Monomoy Point Light

Monomony Point Light

Getting to the Monomoy Point Light is one of the best and most challenging adventures but is well worth it. To get to the lighthouse, visitors must take a forty-five-minute boat tripfrom Chatham. 

There is no dock on the island, so visitors must jump off the boat into knee-waist deep water, retrieve their gear from the boat, and wade to shore. 

The lighthouse is located about a mile or so inland. There are no roads, sidewalks, buildings, or vehicles on the entire island, so prepare for a hike.

Monomoy was once a peninsula reaching southward from Chatham at the elbow of Cape Cod's bending arm. It is now two islands, North Monomoy and South Monomoy. This is due to the many storms on Cape Cod over the years and the resulting erosion. 
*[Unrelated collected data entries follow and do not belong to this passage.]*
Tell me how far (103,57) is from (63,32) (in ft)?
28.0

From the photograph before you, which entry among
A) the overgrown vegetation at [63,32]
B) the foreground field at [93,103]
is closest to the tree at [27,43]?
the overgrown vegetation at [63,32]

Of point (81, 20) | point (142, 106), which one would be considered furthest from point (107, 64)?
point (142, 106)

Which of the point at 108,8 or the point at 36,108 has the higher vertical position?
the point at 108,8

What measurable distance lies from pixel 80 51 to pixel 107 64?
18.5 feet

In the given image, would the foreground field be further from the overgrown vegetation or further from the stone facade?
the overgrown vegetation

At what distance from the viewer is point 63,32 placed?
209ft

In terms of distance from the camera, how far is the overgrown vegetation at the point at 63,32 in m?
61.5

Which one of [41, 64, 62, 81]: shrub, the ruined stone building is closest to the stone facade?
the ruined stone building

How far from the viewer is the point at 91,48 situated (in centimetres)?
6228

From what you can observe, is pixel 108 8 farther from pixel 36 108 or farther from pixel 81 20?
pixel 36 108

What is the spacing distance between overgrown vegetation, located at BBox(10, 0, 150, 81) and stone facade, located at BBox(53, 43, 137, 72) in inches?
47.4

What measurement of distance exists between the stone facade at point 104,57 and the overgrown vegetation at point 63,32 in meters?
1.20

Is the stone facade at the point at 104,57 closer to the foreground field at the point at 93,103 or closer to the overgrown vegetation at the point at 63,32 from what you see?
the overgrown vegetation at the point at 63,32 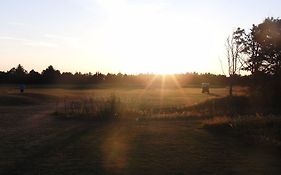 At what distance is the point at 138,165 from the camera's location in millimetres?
15672

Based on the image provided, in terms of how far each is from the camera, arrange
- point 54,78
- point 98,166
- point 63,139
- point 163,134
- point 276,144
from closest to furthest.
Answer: point 98,166 → point 276,144 → point 63,139 → point 163,134 → point 54,78

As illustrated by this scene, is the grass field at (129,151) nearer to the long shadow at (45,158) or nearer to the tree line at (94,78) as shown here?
the long shadow at (45,158)

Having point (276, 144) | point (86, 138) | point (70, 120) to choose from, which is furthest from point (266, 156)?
point (70, 120)

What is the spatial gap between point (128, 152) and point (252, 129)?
7300 millimetres

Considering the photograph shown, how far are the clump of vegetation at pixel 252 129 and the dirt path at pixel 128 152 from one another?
69 cm

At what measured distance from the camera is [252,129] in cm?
2288

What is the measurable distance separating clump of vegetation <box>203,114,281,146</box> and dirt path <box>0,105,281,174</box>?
0.69 metres

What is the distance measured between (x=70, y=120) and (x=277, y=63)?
2455 cm

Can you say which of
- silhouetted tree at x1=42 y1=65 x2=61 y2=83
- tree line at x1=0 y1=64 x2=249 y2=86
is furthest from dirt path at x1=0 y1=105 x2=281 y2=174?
silhouetted tree at x1=42 y1=65 x2=61 y2=83

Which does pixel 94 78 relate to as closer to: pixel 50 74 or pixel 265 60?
pixel 50 74

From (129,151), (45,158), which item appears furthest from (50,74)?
(45,158)

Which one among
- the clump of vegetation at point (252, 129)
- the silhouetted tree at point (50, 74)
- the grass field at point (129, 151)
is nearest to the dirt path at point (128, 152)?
the grass field at point (129, 151)

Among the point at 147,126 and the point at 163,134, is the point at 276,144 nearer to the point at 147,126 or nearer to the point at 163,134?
the point at 163,134

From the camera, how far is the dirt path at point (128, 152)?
1509 centimetres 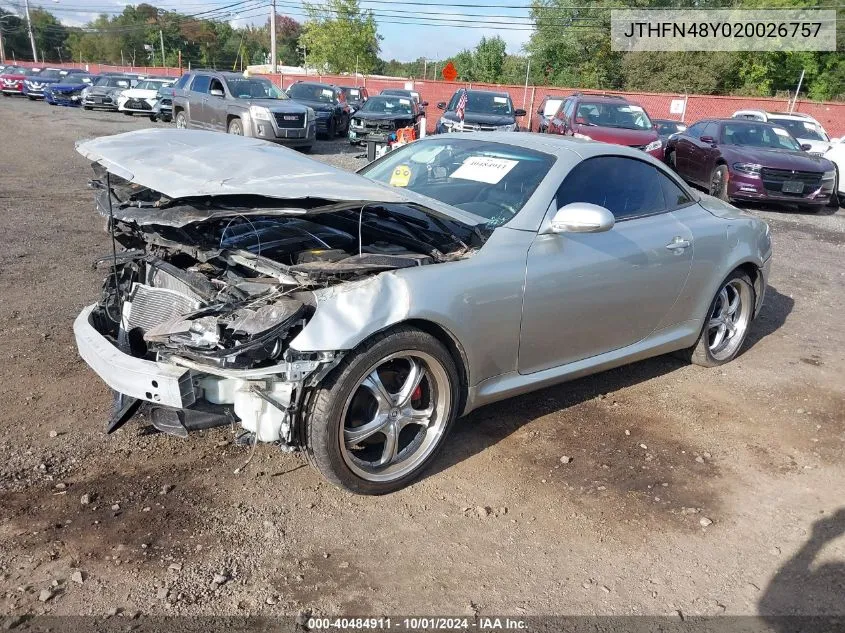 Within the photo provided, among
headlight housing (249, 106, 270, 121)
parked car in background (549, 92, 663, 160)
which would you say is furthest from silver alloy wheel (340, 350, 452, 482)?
headlight housing (249, 106, 270, 121)

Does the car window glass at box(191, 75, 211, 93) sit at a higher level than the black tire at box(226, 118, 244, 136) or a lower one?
higher

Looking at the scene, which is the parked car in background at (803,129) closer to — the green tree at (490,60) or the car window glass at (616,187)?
the car window glass at (616,187)

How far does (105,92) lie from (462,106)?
18915mm

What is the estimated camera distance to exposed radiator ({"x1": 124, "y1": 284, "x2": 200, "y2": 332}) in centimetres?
322

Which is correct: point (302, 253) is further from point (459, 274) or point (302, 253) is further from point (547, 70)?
point (547, 70)

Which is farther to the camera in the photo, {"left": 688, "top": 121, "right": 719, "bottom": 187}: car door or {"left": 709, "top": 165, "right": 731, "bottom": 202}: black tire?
{"left": 688, "top": 121, "right": 719, "bottom": 187}: car door

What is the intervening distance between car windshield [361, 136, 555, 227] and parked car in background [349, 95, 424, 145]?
12428mm

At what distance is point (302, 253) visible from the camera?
10.9ft

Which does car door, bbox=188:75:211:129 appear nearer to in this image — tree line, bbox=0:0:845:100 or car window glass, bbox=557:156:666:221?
car window glass, bbox=557:156:666:221

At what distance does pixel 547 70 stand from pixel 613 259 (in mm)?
50481

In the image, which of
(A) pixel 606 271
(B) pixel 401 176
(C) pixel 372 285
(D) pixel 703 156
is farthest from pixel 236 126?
(C) pixel 372 285

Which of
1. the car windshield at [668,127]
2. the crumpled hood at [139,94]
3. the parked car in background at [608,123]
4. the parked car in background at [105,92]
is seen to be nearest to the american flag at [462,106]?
the parked car in background at [608,123]

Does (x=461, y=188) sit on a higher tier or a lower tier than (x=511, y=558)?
higher

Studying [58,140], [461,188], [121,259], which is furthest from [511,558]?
[58,140] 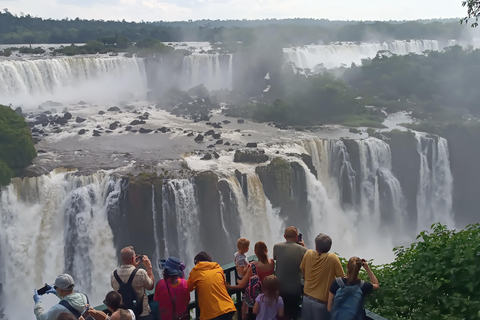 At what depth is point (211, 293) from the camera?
484 cm

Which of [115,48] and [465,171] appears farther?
[115,48]

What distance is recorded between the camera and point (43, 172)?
17.9 meters

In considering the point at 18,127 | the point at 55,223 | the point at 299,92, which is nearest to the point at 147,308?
the point at 55,223

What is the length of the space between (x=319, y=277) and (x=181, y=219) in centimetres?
1272

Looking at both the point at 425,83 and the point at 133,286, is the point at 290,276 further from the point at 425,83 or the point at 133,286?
the point at 425,83

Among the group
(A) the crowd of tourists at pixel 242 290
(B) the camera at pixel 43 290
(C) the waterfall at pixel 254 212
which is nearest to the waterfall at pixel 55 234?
Answer: (C) the waterfall at pixel 254 212

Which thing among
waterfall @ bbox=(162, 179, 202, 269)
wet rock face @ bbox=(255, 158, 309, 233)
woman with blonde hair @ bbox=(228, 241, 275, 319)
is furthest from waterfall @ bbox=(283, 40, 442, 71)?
woman with blonde hair @ bbox=(228, 241, 275, 319)

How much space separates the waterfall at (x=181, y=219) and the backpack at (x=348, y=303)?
12.9 meters

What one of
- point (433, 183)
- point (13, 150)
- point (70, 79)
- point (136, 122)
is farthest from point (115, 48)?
point (433, 183)

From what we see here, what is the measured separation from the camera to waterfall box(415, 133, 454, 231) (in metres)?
24.7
A village started up at Monomoy in the early 19th century, centered around the fishing industry and the increased traffic then warranted a lighthouse.

In 1823, Cape Cod's fifth lighthouse was built at Monomoy Point, (also called Sandy Point), eight miles from Chatham near the south end of the peninsula. Like many early lighthouses in the area, it was a Cape Cod style light with a wooden tower and iron lantern room on top of the roof of a brick keeper's house. The lantern had eight lamps with 13-inch reflectors. 

The present cast-iron brick-lined tower was built in 1849 after the original was found to be in such disrepair.

The lighthouse received a fourth-order Fresnel lens in the mid-1850s and there was a recommendation to upgrade to a second order light in 1872--which did not happen.

The lighthouse was then painted red in 1882, making it more visible by day. In 1892, iron trusses were added to the tower to prevent vibration. 

With the opening of the Cape Cod Canal in 1914 and an increase in the power of Chatham Light, the Monomoy Point Lighthouse was considered expendable. The light was discontinued in 1923 and the property fell into private hands.

One of the owners came to visit the property and was surprised to find that Navy planes had been using it for machine-gunning target practice.

In 1964, the Massachusetts Audubon Society restored the lighthouse and keeper's house. In 1988 Massachusetts Senator Edward M. Kennedy helped secure a federal grant for further refurbishing, a project initiated by the Lighthouse Preservation Society. 

Today both North and South Monomoy islands are run by the U.S. Fish and Wildlife Service.

The Cape Cod Musuem of Natural History has offered hikes to the lighthouse and overnight stays in the past, but the programs have been discontinued. The best way to visit is via the Monomoy Island Ferry.